Segment Start: Provided material
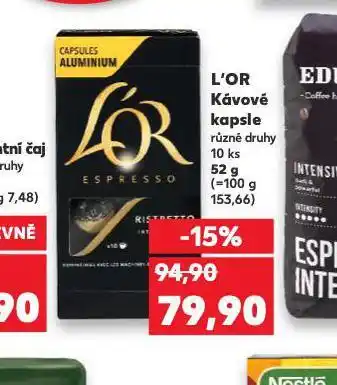 Kaufland L´or kávové kapsle nabídka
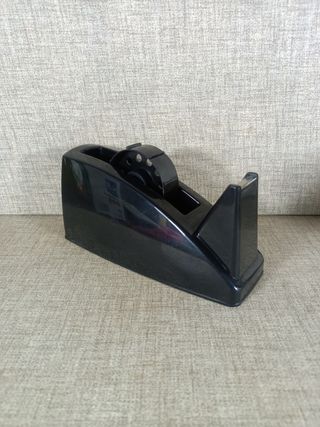 Portarrollos cinta adhesiva negro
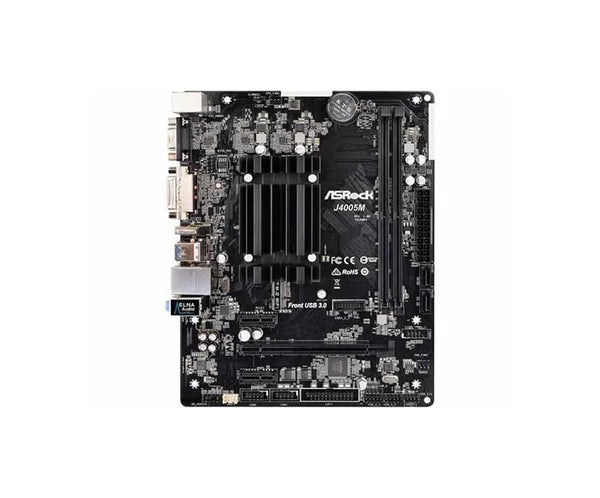ASRock J4005M Socket FCBGA1090 Intel SoC Chipset Micro-ATX System Board (Motherboard) Supports Celeron J4005 DDR4 2x DIMM ASRock Part Number: J4005M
Segment End: Provided material
## What to work on
Reproduce the data above word for word, but leave the images out.

## Completed task
 Kaufland L´or kávové kapsle nabídka
 Portarrollos cinta adhesiva negro
ASRock J4005M Socket FCBGA1090 Intel SoC Chipset Micro-ATX System Board (Motherboard) Supports Celeron J4005 DDR4 2x DIMM ASRock Part Number: J4005M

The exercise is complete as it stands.